The wound in his side had been caused by grapeshot, a particularly nasty type of anti-personnel ordinance consisting of medium-sized lead balls.
After examining the wound, which externally was now nearly healed up, I judged it proper to lay it open, thus endeavouring to trace the progress of the ball, but without effect. A few days after I made another incision into his side, but I was still unsuccessful in my attempts to detect the cause of so much mischief. On the 11th, however, the matter which passing through his lungs, had ceased to flow out at the external wound, now made its appearance there, and a probe being introduced at the orifice from whence it flowed, a ball was discovered at a depth of several inches.
This all took place in 1799, half a century before the advent of anaesthetic agents; so what followed must have been quite a trial for the young officer.
On the 12th I proceeded to extract the ball.

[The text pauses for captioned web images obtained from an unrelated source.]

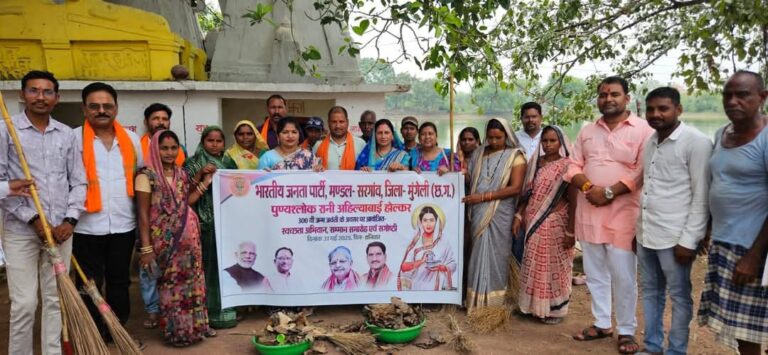 रानी अहिल्याबाई होल्कर की 300वीं जयंती पर ग्राम मोहभट्ठा में संगोष्ठी एवं सम्मान समारोह आयोजित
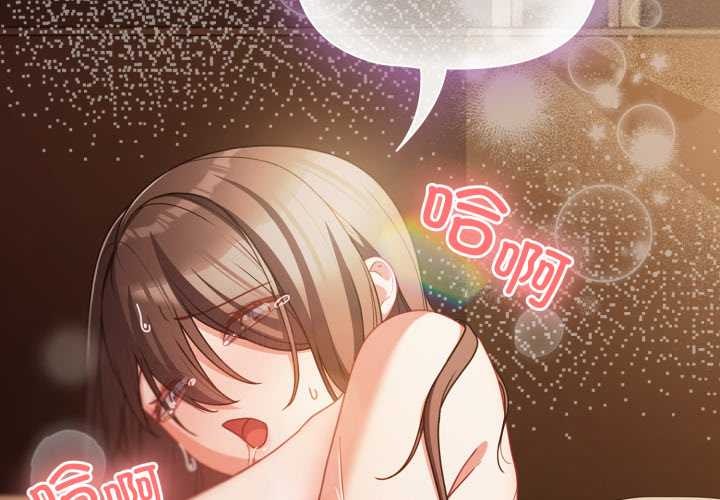 幸福來得太突然第56話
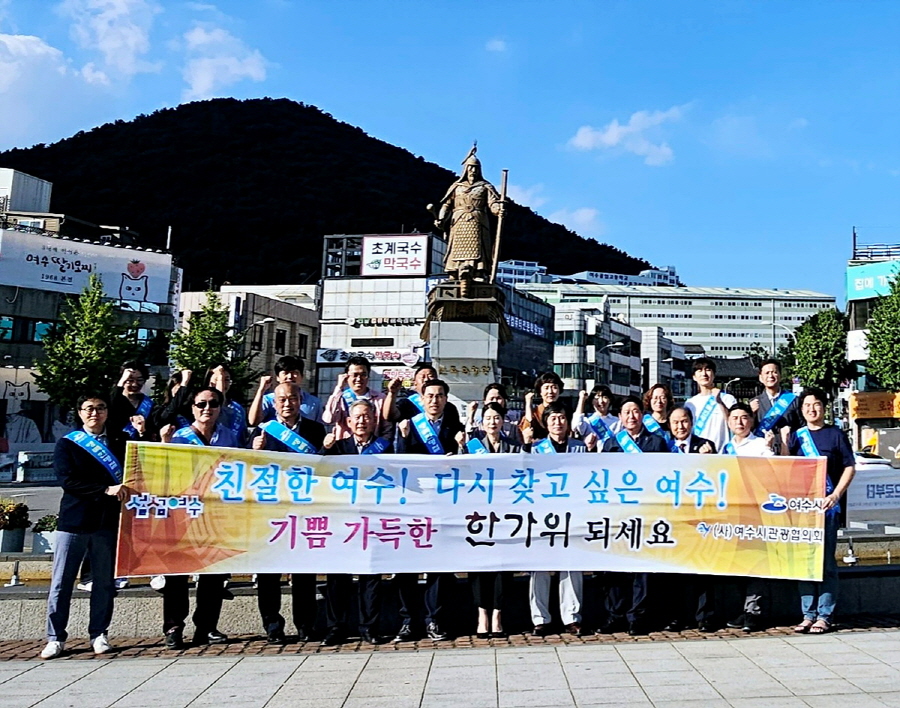 여수시관광협의회 이미지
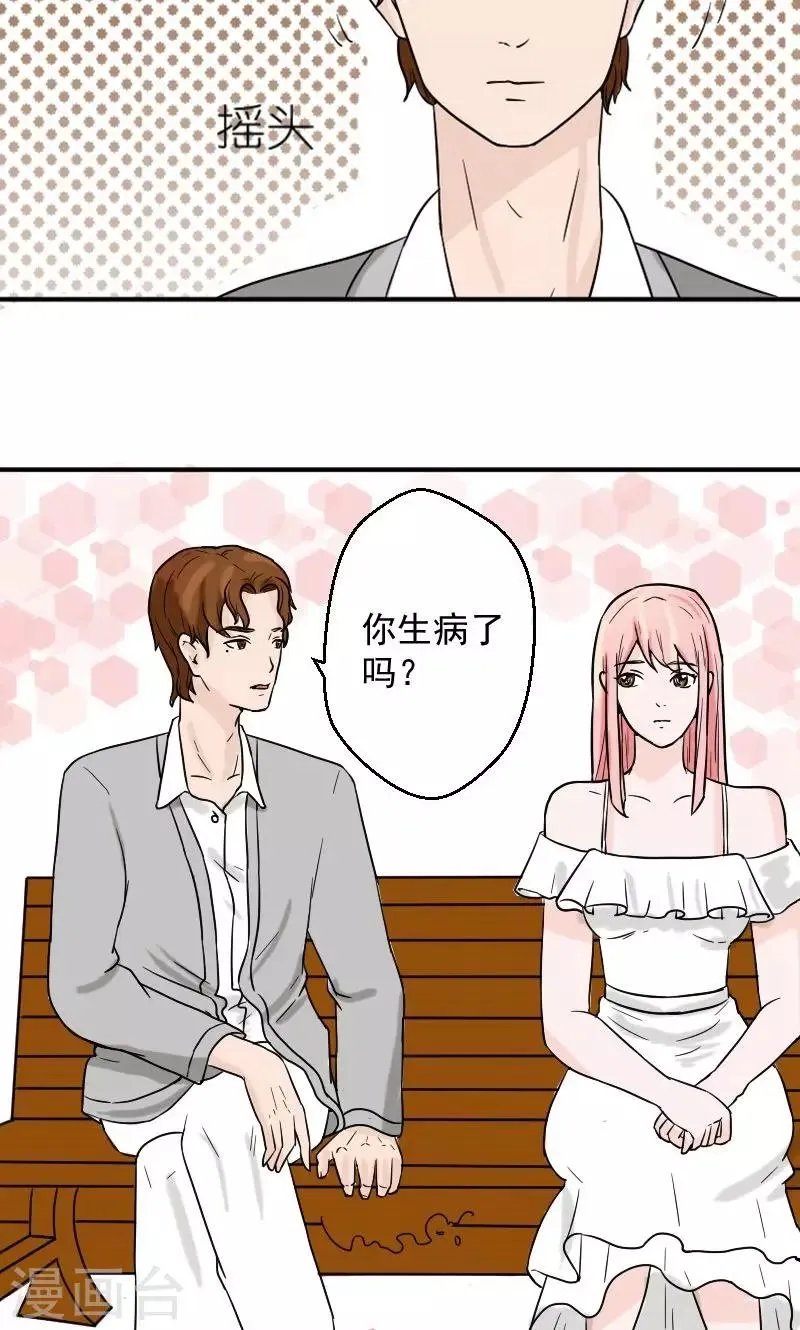 第8话 我怀孕了 第5页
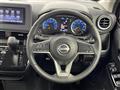 2024 Nissan DAYZ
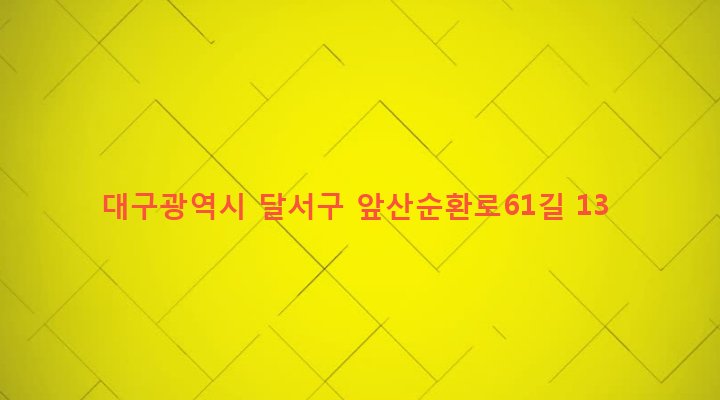 대구광역시 달서구 송현1동 2013-6 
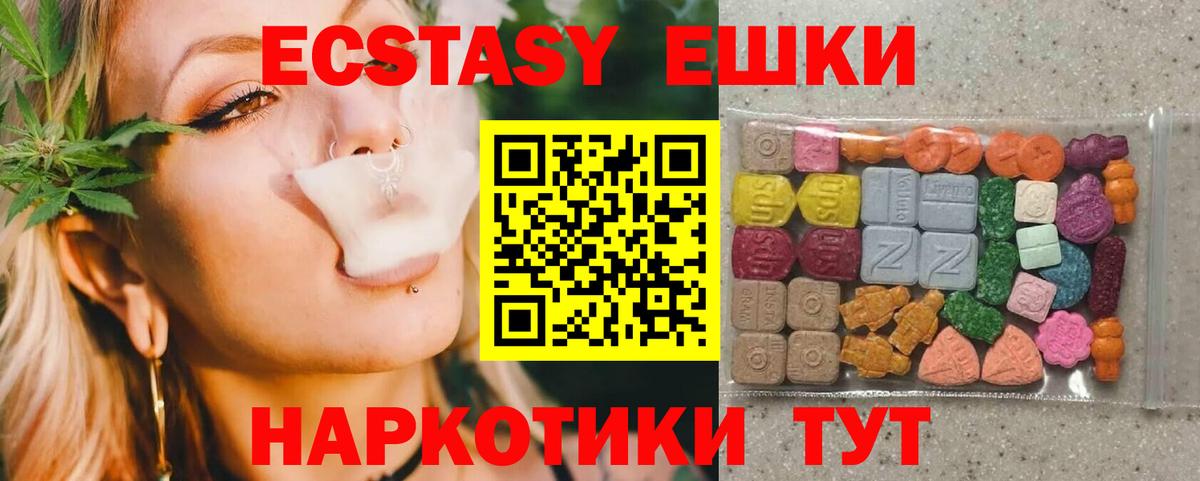 Экстази XTC Гай
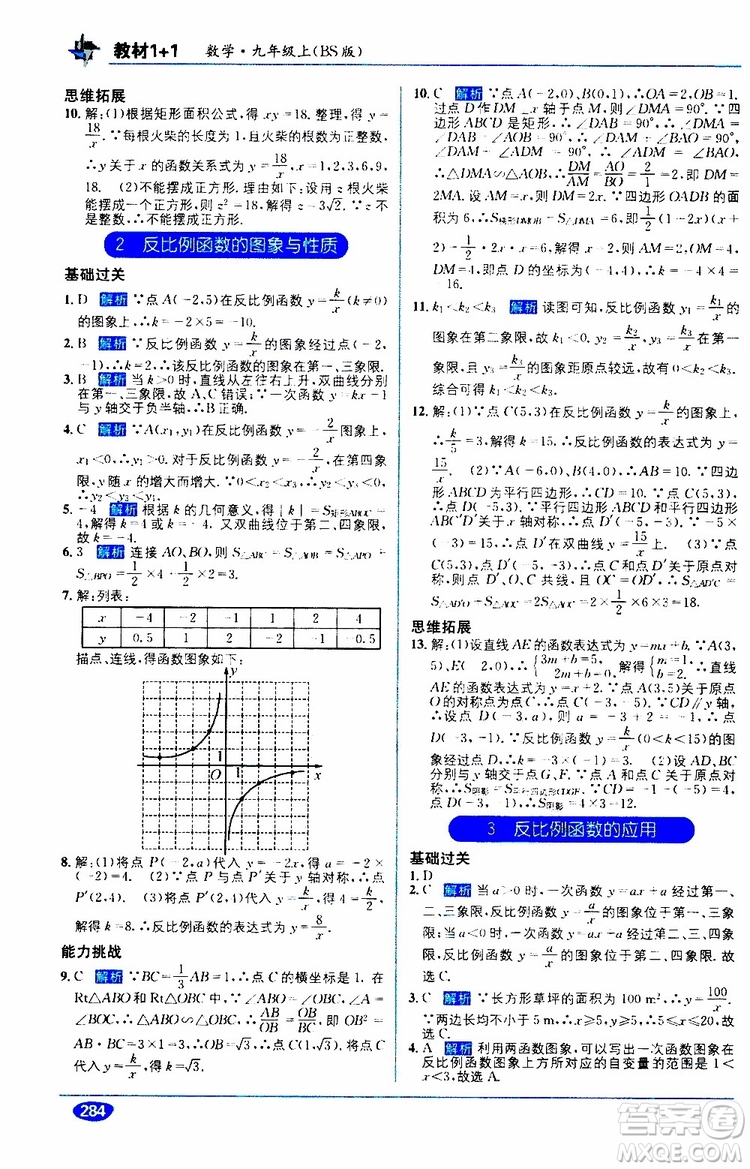 2019秋教材1+1全解精練九年級(jí)上冊(cè)數(shù)學(xué)BS版北師版參考答案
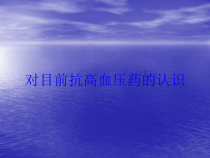 对目前抗高血压药的认识培训课件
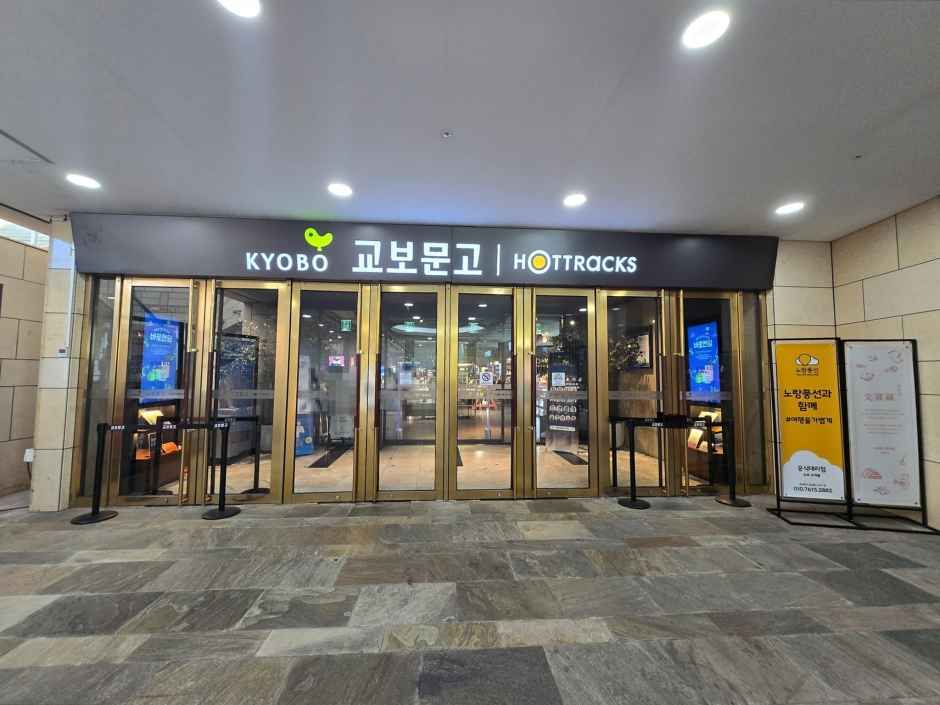 핫트랙스 롯데백화점 잠실점 캐슬플라자
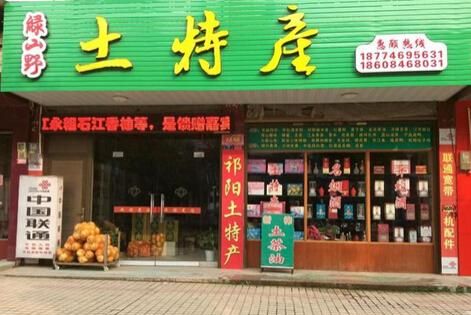 卖土特产取什么店名,有创意的土特产店名大全图2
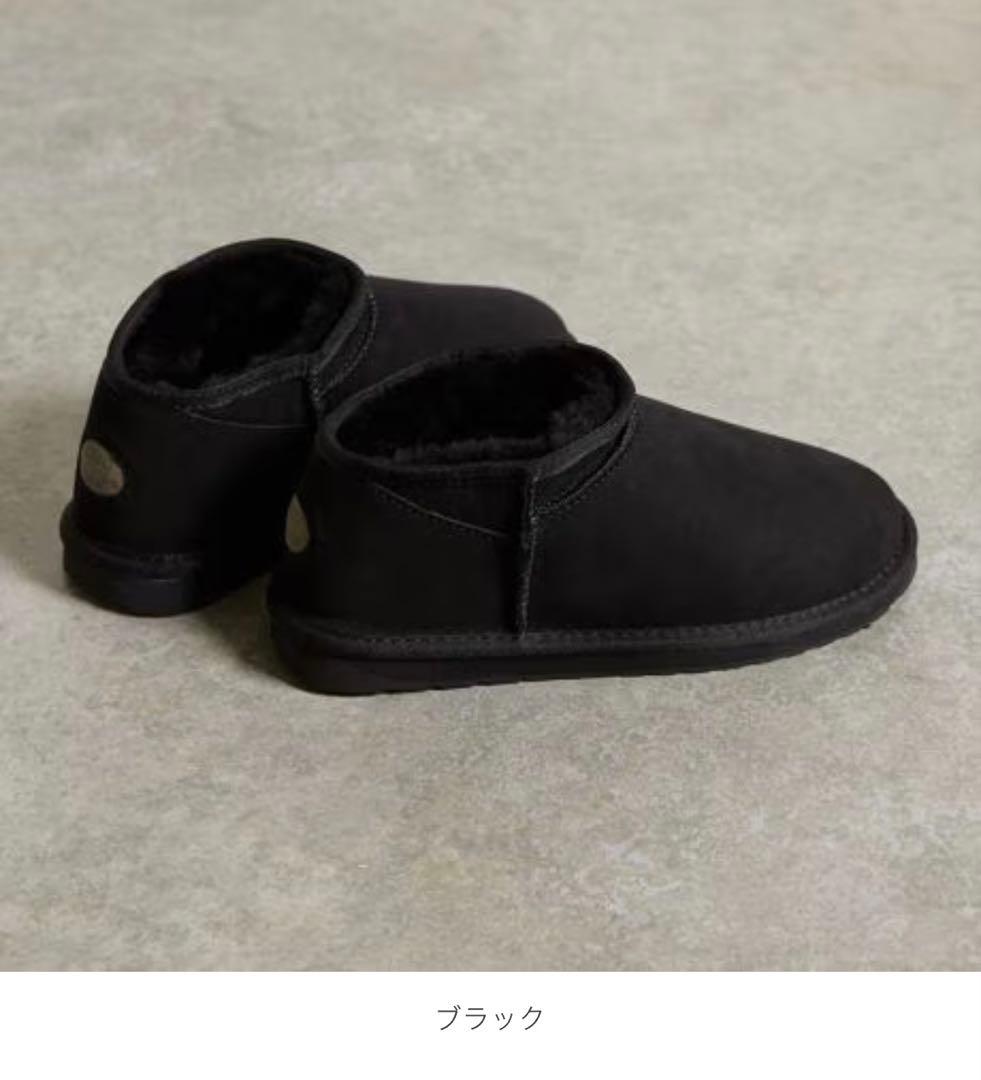 EMU Stinger ムートン ブーツ スティンガーコンパクト エミュー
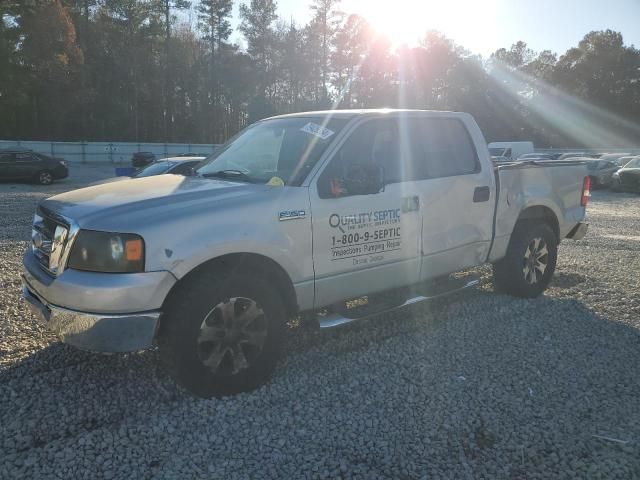 2007 Ford F150 Supercrew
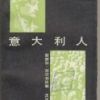 《意大利人》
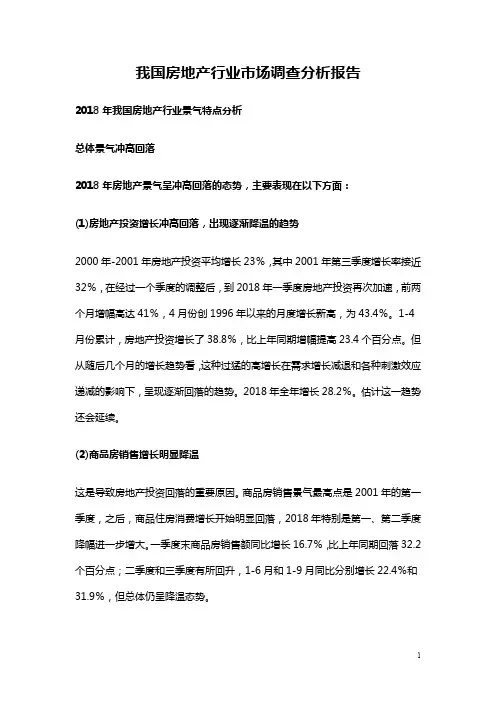 2019年我国房地产行业市场调查分析报告(精品)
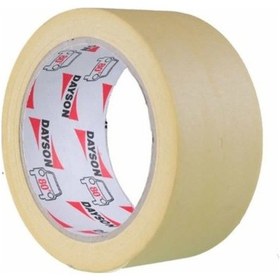 Resim Dayson Kağıt Bant Maskeleme Bandı 18X35 Metre 96 Adet 1 Koli 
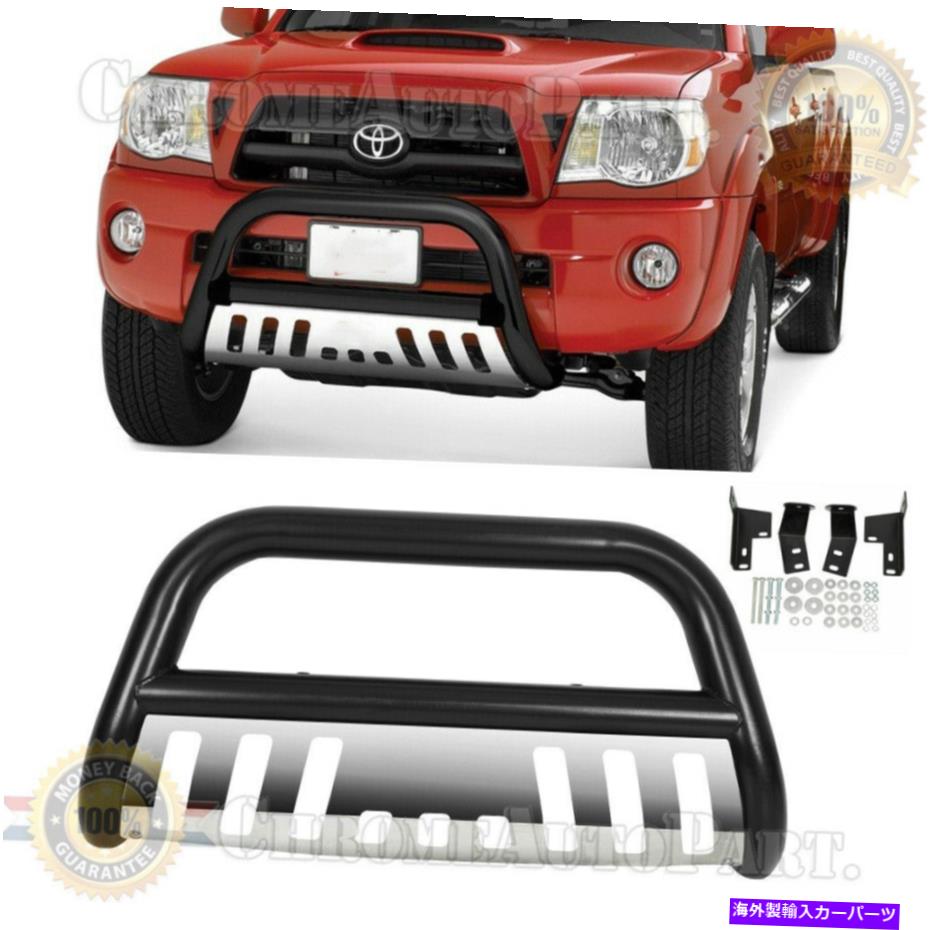 Bull Bar 2005年から2015年のトヨタタコマフロントバンパースチールブルバーブラシプッシュグリルガード For 2005-2015 Toyota Tacoma Front Bumper Steel Bull Bar Brush Push Grill Guard【並行輸入品】｜Us Custom Parts Shop USDM
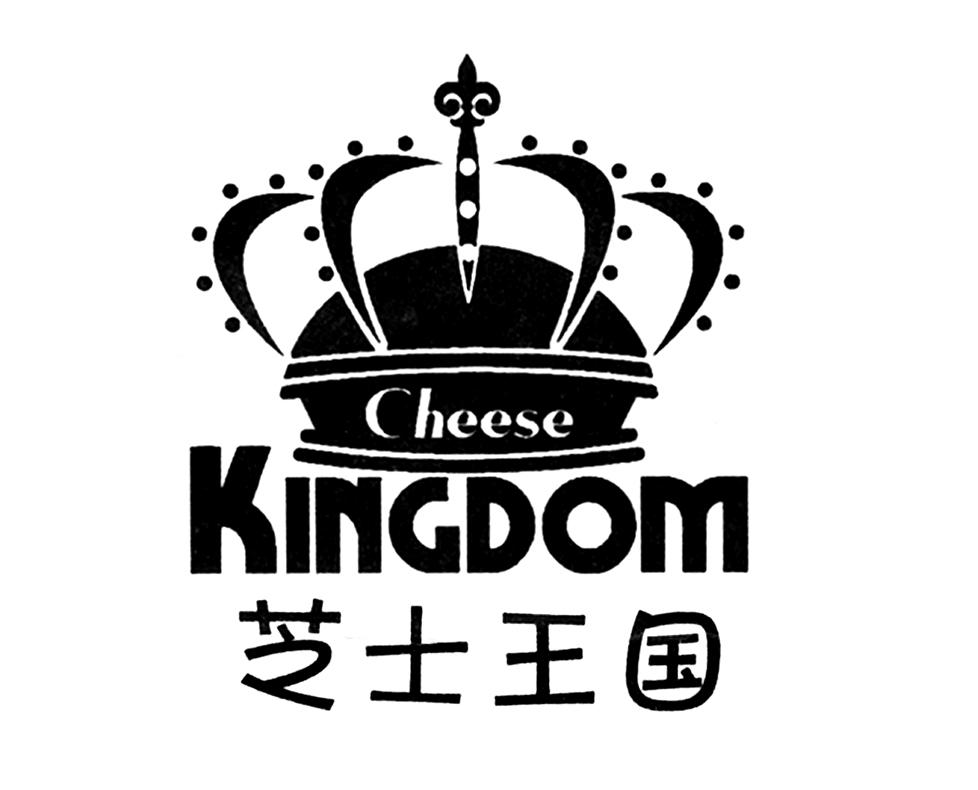 芝士王国 em>cheese /em> em>kingdom /em>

After making a large and deep incision into the cavity of the chest, I found the ball much too large to pass between the interstices of the ribs. Two of the ribs had evidently been fractured by the ball in its passage into the lungs, but were now healed. Besides it is easy to imagine that what the force of gunpowder will put in what mere manual force cannot take out.
The iron ball was trapped inside the patient’s chest by his ribcage. There was only one way to deal with this problem:
I was thus under the necessity of sawing away a large portion of the rib, to make room for the passage of the ball, which, being composed of iron, rendered the operation much more tedious from its very frequently eluding the grasp of the extracting instrument.
The lieutenant thus had to endure a surgeon making a large incision through skin and muscle, sawing through an entire rib and then inserting a large pair of forceps to grab on to a projectile buried several inches into the chest.
After much practice, during the present war, in gunshot wounds, I am without hesitation in pronouncing Mr Wynn’s case to be the most important I have ever had under my care and the operation to be one of the most difficult I ever performed; which, but for the unshaken fortitude of the unfortunate sufferer, could not have been effected. Those who know the high importance of the lungs to animal life, and are capable of appreciating the great injury they must have sustained by the lodging of so large a substance, so deeply seated, and for such a length of time, will be more capable of conceiving, than I of describing, the acute sufferings, both of the mind and body, which Mr Wynn has of necessity undergone.
It doesn’t take a great deal of imagination to appreciate what he must have gone through.
As Mr Wynn has frequently asked me my real opinion of his actual situation, and as he has appeared to me to possess a firm mind capable of hearing truth, I have not attempted to conceal from him that, though he is now much better, and I fervently hope, likely to recover, yet he is still, and must for a considerable time be, in a dangerous and precarious state.
T. HUNTER, M.D., Surgeon to the Forces.
Appended to this report is a short note which gives further evidence (if any were needed) that this was far from a trivial case.
The grape shot extracted from Lieutenant Wynn’s lungs weighs three ounces and a half and three grains. It was weighed in the presence of Lieutenant Colonel Locke, of the 5th West York.